Harold Maurice Abrahams (1899-1978) was an English track and field athlete. As an Olympic champion in the 100 metres sprint in 1924, his feat depicted in the 1981 film Chariots of Fire. Harry Abrahams reported from the 1936 Berlin Olympics for the BBC, exuberantly covering Jack Lovelock’s win in the 1500 metres. His daughter reported that Abrahams had sat close to Hitler and had said afterwards: ‘I wish I’d shot him.’

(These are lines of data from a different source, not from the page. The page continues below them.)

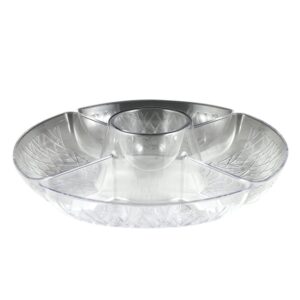 Crystalware Lazy Susan | Raw Item
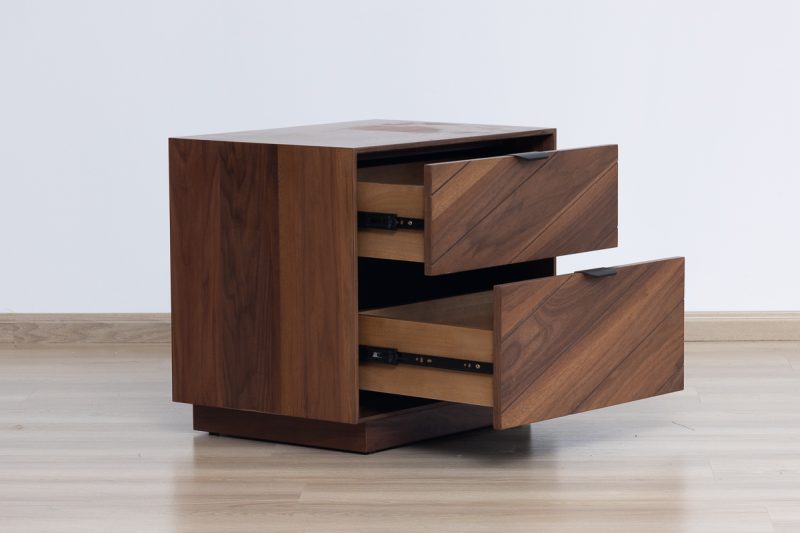 santo king package – king bed + 2 nightstands + dresser mirror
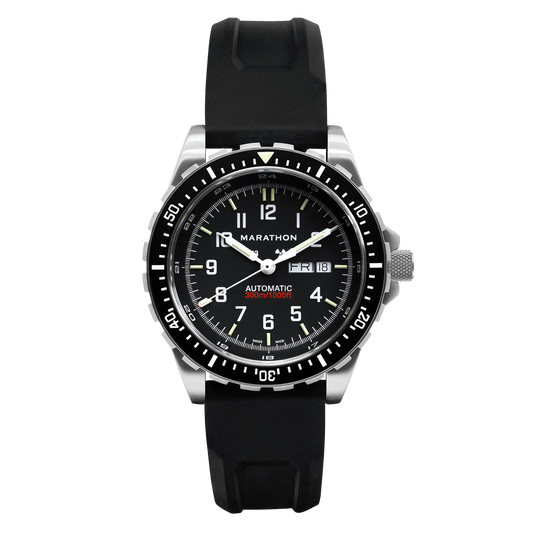 Marathon Search Rescue Jumbo Divers Automatic Jdd WW194021SS-0130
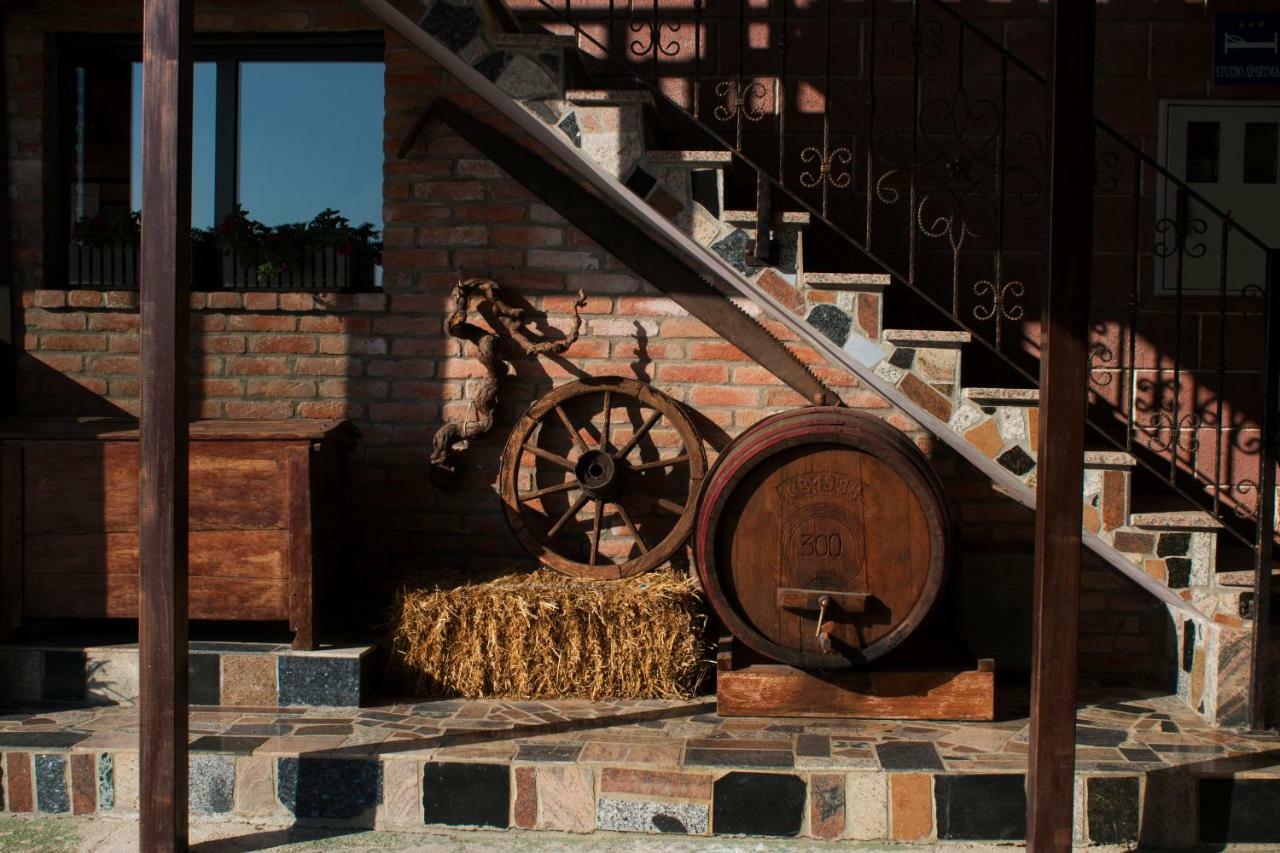 Guest House Blazevic Gornja Gracenica エクステリア 写真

At the beginning of World War II, with an influx of evacuees, a congregation was re-established in Beford yet again in 1939 as Bedford Hebrew Congregation. The Jewish population in Bedford soon included over 400 families who were evacuated from London, and the congregation included evacuees, refugees and military personnel, as well as some resident families

This too was an unaffiliated congregation under the aegis of the Chief Rabbi. The rabbis in Bedford in the 1940s included Dayan Dr Julius Jakobovits, about 1941, and Rabbi A Rappaport, from at least 1945 until about 1947.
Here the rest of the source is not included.